|September 15, 2013||Remember Five Years Ago?||no comments|
Financial services firm Lehman Brothers filed for Chapter 11 bankruptcy protection on September 15, 2008. The filing remains the largest bankruptcy filing in U.S. history, with Lehman holding over $600 billion in assets. The failure of this financial firm sent shock waves through the financial community. While the federal government allowed Lehman Brothers to go into bankruptcy, it triggered other events such as the near collapse of insurance giant American International Group (AIG) and the beginning of the Troubled Asset Relief Program (TARP). TARP was a program of the United States government to purchase assets and equity from financial institutions to strengthen its financial sector that was signed into law by U.S. President George W. Bush on October 3, 2008 as a component of the government's measures in 2008 to address the subprime mortgage crisis. This financial crisis provided impetus for the election of Barack Obama to the presidency as his rival Senator John McCain of Arizona struggled for a consistent economic message in the face of the Wall Street meltdown, saying first that the "fundamentals of our economy are strong" and then abruptly shifting to say the fundamentals are "at great risk."
While some people, primarily those from the political right, decried TARP as socialism it was apparent that government intervention in the financial crisis was necessary as the Dow Jones Industrial Average plunged from its record high up to that point of 14,164.43 on October 9, 2007 to 6,594.44 on March 5, 2009, a drop of more than 53%. By year end, the gross national product shrank at a rate of 6.2%.

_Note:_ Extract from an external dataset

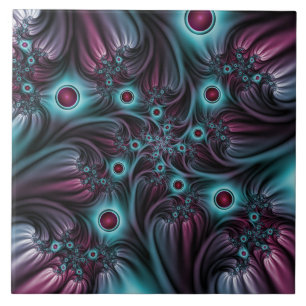 Into the Depth Blue Pink Abstract Fractal Art Tile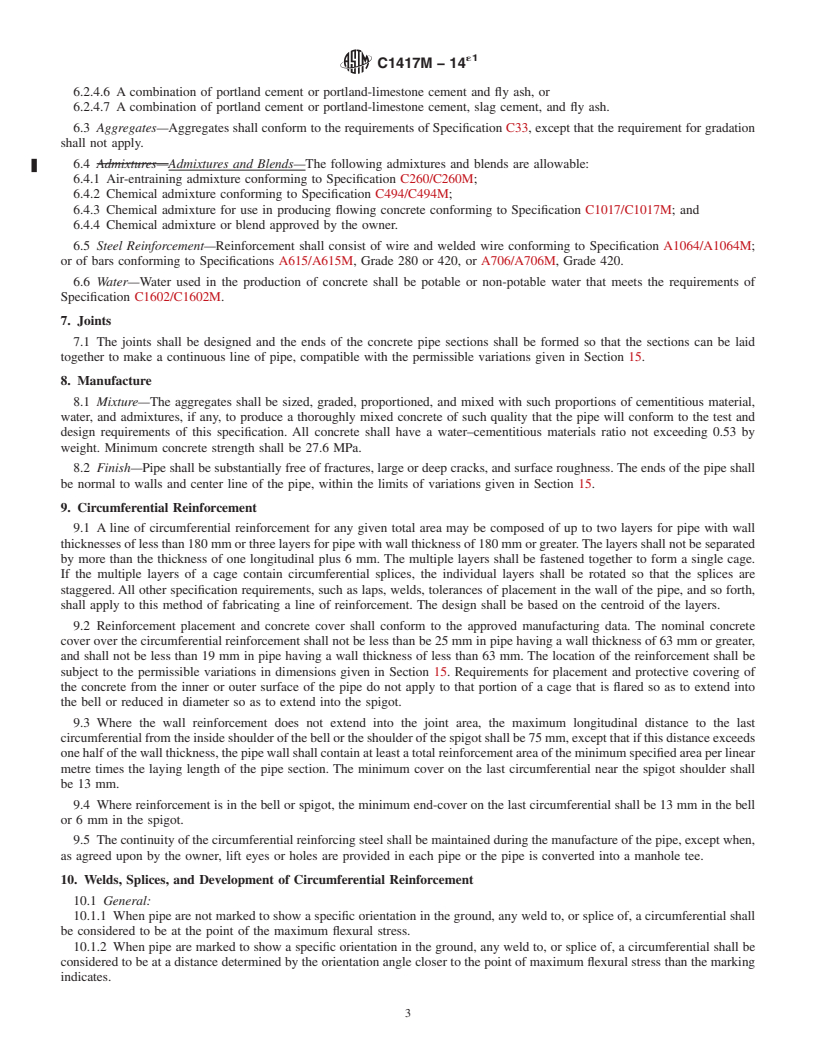 REDLINE ASTM C1417M-14e1 - Standard Specification for  Manufacture of Reinforced Concrete Sewer, Storm Drain, and  Culvert Pipe for Direct Design (Metric)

It has been a long, slow recovery since that time and there were many bumps along the road during that time. While the people that run our financial systems indicate that the likelihood of those events repeating within our lifetimes have diminished significantly due to measures such as requiring increase liquidity in capital. However, many of the reforms that were suggested were never adopted and fewer of those measures were implemented after they were adopted. The same financial wizards that gambled with our money prior to 2008 continue with their reckless stewardship of our economy. Hopefully five years from now we will have additional perspective of both the failures and successes that occurred during this turmoil. Meanwhile, the old saying of “caveat emptor” is still as true today as it was in 2008. Good luck to all.